Hi,
The requirement and actual data condition is vague, but the Matcher might help you.
If you explain more concretely the condition using simplified example, we can think of more concrete solution.
Takashi
Sorry for any vagueness, here is a crude example of the data with only the relevant attributes filled in;
As you can see, some of the ParcelIDs are unique, that is fine, but some of them exist more than once and, for those that occur more than once, sometimes the Category code is the same across instances and sometimes it is different (ID 112 is the same but you can see 113's are not all the same - i am concerned where they are all the same).
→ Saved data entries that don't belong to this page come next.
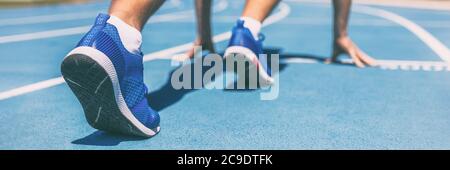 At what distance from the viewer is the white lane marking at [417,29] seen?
3706mm

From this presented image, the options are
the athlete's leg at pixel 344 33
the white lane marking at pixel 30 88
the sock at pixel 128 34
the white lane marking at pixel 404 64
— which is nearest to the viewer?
the sock at pixel 128 34

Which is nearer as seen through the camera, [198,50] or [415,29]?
[198,50]

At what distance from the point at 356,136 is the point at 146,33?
3.02 metres

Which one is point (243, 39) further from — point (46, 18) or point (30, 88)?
point (46, 18)

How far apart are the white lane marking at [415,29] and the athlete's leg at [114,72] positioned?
2.37 metres

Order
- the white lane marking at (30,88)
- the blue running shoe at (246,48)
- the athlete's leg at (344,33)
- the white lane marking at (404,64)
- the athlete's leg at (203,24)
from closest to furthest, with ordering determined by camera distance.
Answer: the blue running shoe at (246,48) < the white lane marking at (30,88) < the white lane marking at (404,64) < the athlete's leg at (344,33) < the athlete's leg at (203,24)

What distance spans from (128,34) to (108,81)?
0.73ft

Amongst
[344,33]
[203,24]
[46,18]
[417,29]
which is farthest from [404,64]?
[46,18]

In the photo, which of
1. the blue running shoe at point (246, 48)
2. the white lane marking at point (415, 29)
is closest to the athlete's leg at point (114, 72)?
the blue running shoe at point (246, 48)

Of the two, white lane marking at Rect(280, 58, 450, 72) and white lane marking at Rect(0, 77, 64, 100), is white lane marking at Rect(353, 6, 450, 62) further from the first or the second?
white lane marking at Rect(0, 77, 64, 100)

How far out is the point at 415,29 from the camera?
494 cm

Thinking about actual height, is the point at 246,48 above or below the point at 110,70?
below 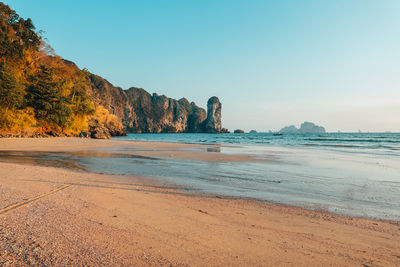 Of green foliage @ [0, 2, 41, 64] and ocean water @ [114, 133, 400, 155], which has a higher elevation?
green foliage @ [0, 2, 41, 64]

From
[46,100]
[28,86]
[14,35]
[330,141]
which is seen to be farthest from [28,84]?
[330,141]

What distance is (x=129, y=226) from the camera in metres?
2.84

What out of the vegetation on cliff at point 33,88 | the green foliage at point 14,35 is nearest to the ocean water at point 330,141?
the vegetation on cliff at point 33,88

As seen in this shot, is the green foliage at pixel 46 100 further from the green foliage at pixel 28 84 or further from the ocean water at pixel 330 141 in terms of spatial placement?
the ocean water at pixel 330 141

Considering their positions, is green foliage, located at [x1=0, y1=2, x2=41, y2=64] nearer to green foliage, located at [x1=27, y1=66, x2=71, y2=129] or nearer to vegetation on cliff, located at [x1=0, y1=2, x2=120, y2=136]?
vegetation on cliff, located at [x1=0, y1=2, x2=120, y2=136]

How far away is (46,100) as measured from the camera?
2753cm

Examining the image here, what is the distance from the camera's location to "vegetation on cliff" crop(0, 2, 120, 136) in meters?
22.9

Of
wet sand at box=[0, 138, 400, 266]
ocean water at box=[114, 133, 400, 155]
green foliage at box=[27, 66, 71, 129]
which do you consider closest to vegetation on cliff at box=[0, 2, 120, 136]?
green foliage at box=[27, 66, 71, 129]

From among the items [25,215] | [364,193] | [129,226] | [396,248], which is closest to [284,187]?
[364,193]

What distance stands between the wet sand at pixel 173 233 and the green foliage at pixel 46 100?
93.1ft

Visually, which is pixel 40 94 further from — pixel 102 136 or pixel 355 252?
pixel 355 252

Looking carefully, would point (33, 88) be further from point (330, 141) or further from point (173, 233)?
point (330, 141)

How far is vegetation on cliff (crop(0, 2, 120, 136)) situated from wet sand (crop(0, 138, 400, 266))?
83.0 feet

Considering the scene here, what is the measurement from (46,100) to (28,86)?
252cm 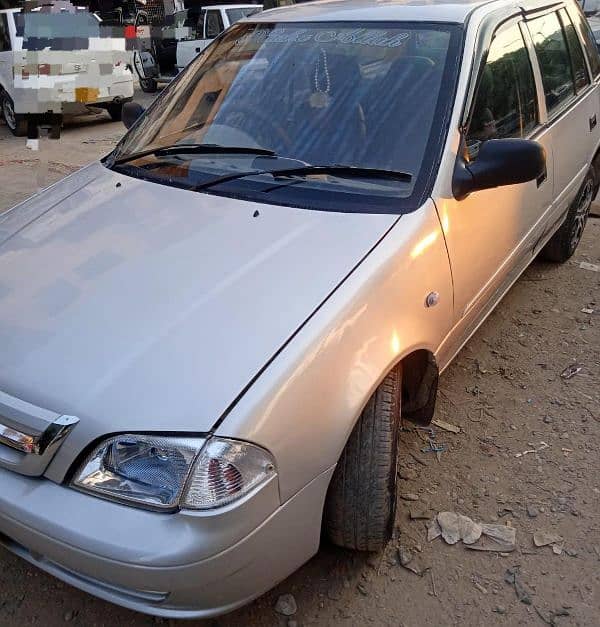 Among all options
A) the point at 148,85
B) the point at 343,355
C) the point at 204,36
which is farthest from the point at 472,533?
the point at 148,85

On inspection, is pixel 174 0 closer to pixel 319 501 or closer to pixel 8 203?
pixel 8 203

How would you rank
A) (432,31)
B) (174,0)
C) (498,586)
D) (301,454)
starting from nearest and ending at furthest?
(301,454) < (498,586) < (432,31) < (174,0)

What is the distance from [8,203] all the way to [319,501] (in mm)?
5321

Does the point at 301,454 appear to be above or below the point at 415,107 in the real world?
below

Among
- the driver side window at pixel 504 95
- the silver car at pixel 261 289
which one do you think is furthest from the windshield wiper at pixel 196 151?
the driver side window at pixel 504 95

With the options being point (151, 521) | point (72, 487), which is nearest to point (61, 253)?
point (72, 487)

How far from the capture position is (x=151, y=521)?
1.51 m

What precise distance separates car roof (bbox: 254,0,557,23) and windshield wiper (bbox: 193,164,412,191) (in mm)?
797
I have put in a column saying 'duplicate' which is what im aiming to automate across many millions of features.
Actually I have come up with a very crude working using Listbuilder to extract Category grouped by ParcelID then AttributeCreator and a long series of testers and composite testers to see if categories match each other or not. There has to be an easier way as i've used about 12 transformers and still havent got it right!
I thought you are trying to find not-unique pair of Parcel ID and Category code. That is, expected result should be:
Unique:
111 CA
113 GP
114 F
Duplicated:
112 CP
113 GT ??
115 CP
But in your example, "113 GT" is not classified as "Duplicated".
Could you please define the condition where the pair of Parcel ID and Category should be decided as "Duplicated"?
Hi Takashi, no not duplicated pairs, I am looking for duplicates to be identified when all the parcels of a given ID have the same category. If one instance of a parcel ID has a different category to the others, then it is not duplicate.
OK. I think this workflow would be one of ways to do that.
1) Aggregator_1 counts number of records for every identical ParcelID.
-----
Group By: ParcelID
Mode: Attributes Only
Count Attributes: _num1
2) Sampler selects records having unique combination of ParcelID and Category.
-----
Group By: ParcelID, Category
Sampling Type: First N Features
Sampling Amount: 1
3) Aggregator_2 counts number of the combinations for every identical ParcelID. If all the records of an identical PracelID has the same Category code, _num2 will be 1.
-----
Group By: ParcelID
Mode: Attributes Only
Count Attributes: _num2
4) FeatureMerger merges _num1 and _num2 to original records.
-----
Join On: ParcelID
Feature Merge Type: Attribute Only
Process Duplicate Suppliers: Yes *this is important
5) AttributeCreator creates "Duplicate" attribute. If _num1 is greater than 1 and also _num2 is equal to 1, set "yes". Otherwise set "no".
-----
Attribute Name: Duplicate
Value: 2 Possible Values *use Conditional Value setting
If 1 < @Value(_num1) AND @Value(_num2) = 1 Then yes
Else no
The workflow can be replaces with an InlineQuerier.
SQL Query Example:
-----
select *,
case
when 1 < _num1 and _num2 = 1 then 'yes'
else 'no'
end as Duplicate
from Parcel as a
inner join (select ParcelID, count(*) as _num1
from Parcel group by ParcelID) as b
on b.ParcelID = a.ParcelID
inner join (select ParcelID, count(*) as _num2
from (select distinct ParcelID, Category from Parcel) group by ParcelID) as c
on c.ParcelID = a.ParcelID
-----
Thanks very much Takashi, i'll give it a go today
At first inspection the workflow works correctly, thank you very much indeed. S.